Expect huge amounts of derp and rage, punctuated by /tg/ extracting humor from it.
|This article or section involves Plot Armor so asinine, that its sheer bullshittery warps and breaks the very fabric of the setting's universe. Expect Rage, Butthurt and accusations of Mary Sue being flung around in an endless Skub debate. THEY MAKE IT HAPPEN. You have been warned.|
Elminster is an old-ass wizard from Forgotten Realms, oft-cited as one of the main reasons why that setting sucks shit. He's powerful enough to solve any problem that would challenge PCs, and no real reason not to do so which isn't utterly contrived. He's an Urza figure without the apathy or plane-ruining fuckups. Or Gandalf with hedonism thrown in and minus divine heritage. Oh, and he's also Ed Greenwood's self-insert, the original Mary Sue of Faerûn far before Drizzt was a thing.
He's slept with more women than Greenwood ever will, including Mystra, the Goddess of Magic.

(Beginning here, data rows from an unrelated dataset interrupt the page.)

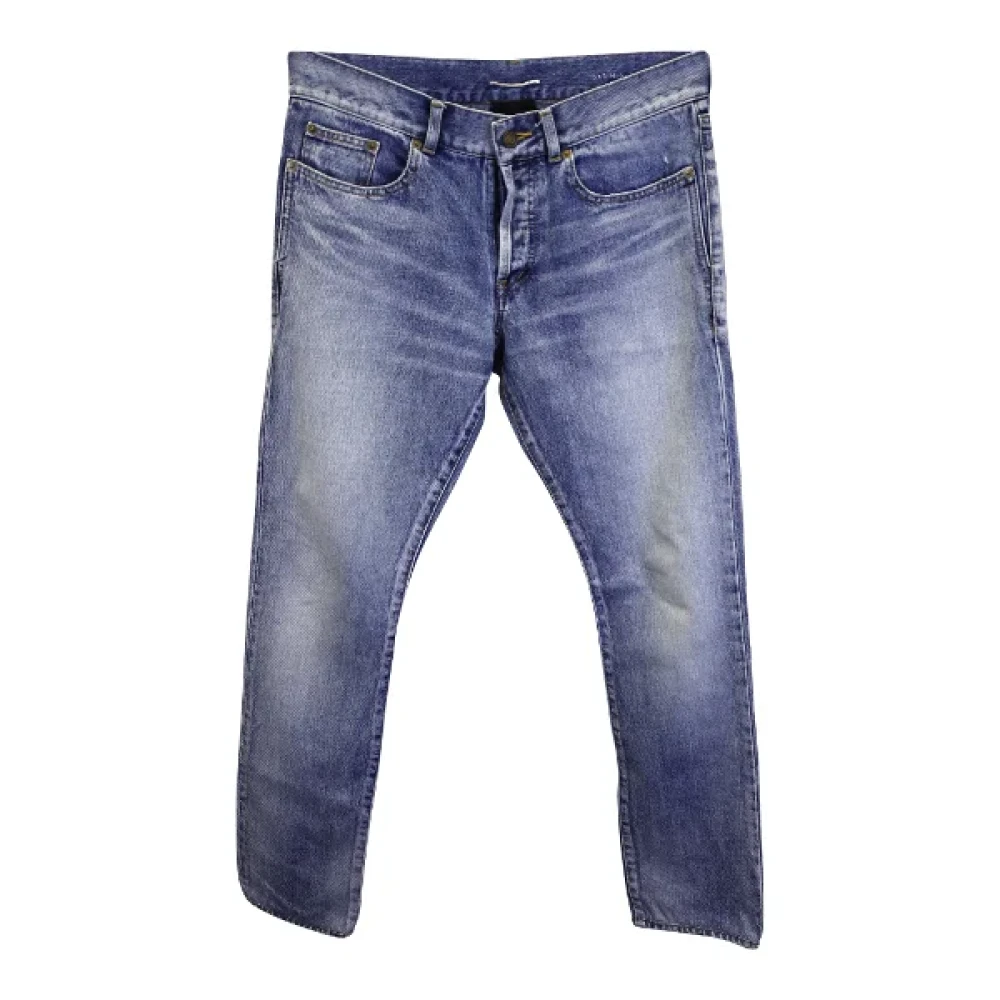 Saint Laurent Vintage Pre-owned Cotton jeans Blue Dames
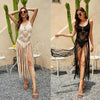 Summer Long Tassels Camisole Cover-up Hand Hook Hollow Sunscreen Shirt, Size: Free Size(Black)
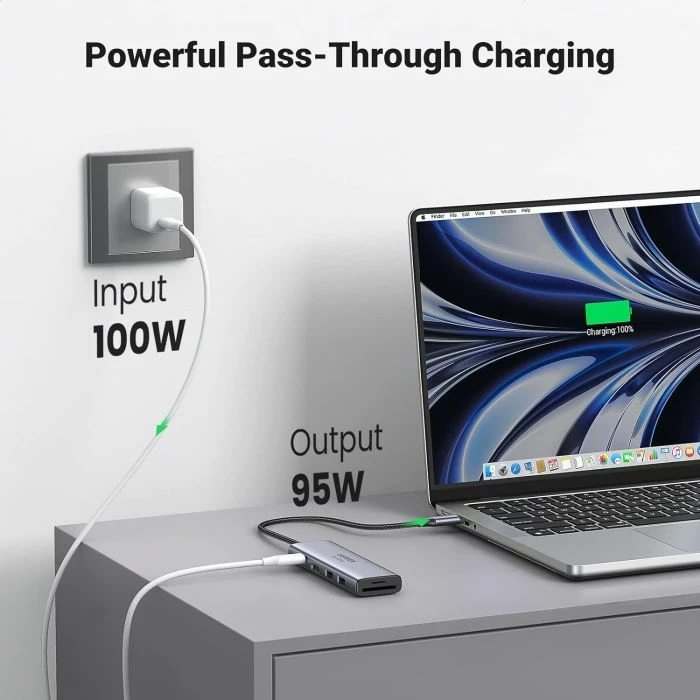 USB-C hub UGREEN 60384, 6-në-1, HDMI 4K@60Hz, PD 100W, 2x USB 3.0, lexues kartelash SD/microSD, gri
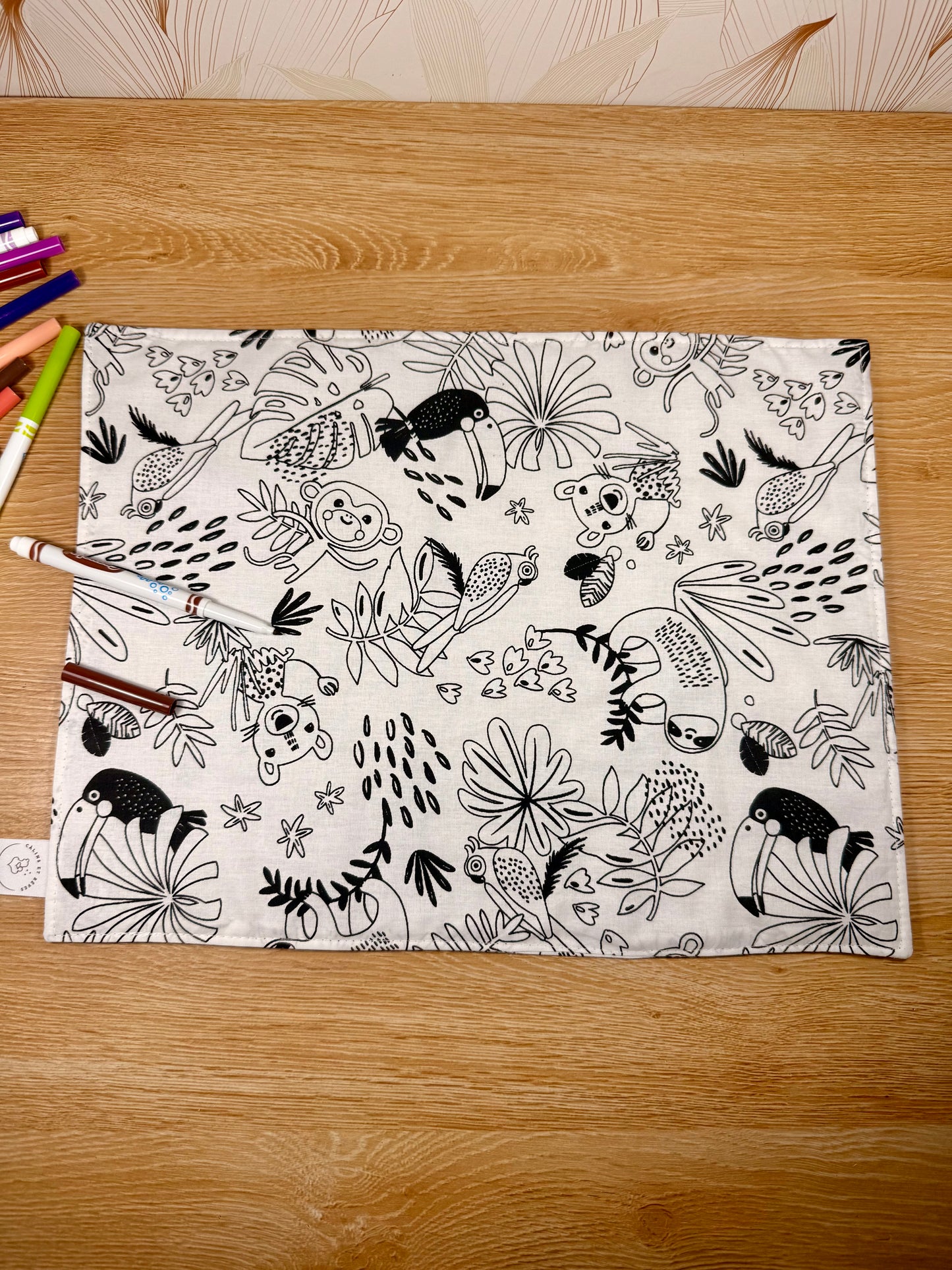 Câlins et Rêves set de table à colorier Jungle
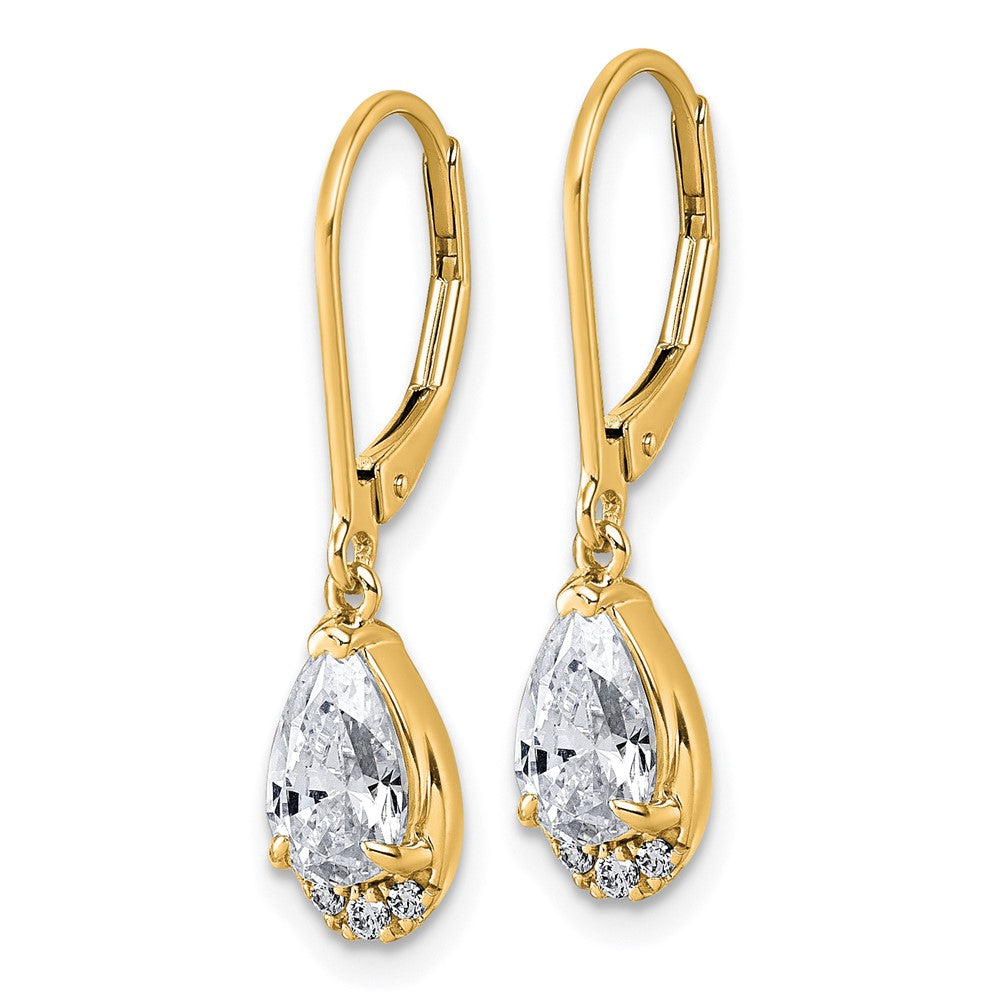 True Origin 14K Yellow Gold 1 3/4 carat Lab Grown Diamond VS+ F+ Complete Leverback Earrings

Just because. Dude's left so many single moms and fathered so many bastards that one of the novels centers around one of his abandoned daughters robbing his home, and he lures her in to be used as a pawn in fighting a conspiracy of wizards. What a dick.
Not to mention that he is an ally of the Harpers. You know, the organization that is (in part, the other being the gods themselves) responsible for Forgotten Realms to be locked permanently in a state of medieval stasis (due to them taking away all the various technologies made by people even if those technologies are beneficial to everyone). Thus he, along with them, is the reason why nothing changed in the setting.
Despite the Mary Sue levels he generates, Elminster didn't always used to be some OP Wizard like he is these days. Back in the past, when D&D was new and Forgotten Realms was slowly shaping itself, Elminster used to be a max-level Wizard with additional abilities other Wizards didn't have access to and some nice gear. His only shtick was appearing as a ex-machina to the players in case the latter had a really hard time with a truly difficult situation.
He used to be part of an article series in Dragon Magazine called The Wizards Three, where he would meet up with two other wizards to swap tales, gorge on Earthly junk food, and share custom spells, which were reprinted at the article's end for use in your D&D games.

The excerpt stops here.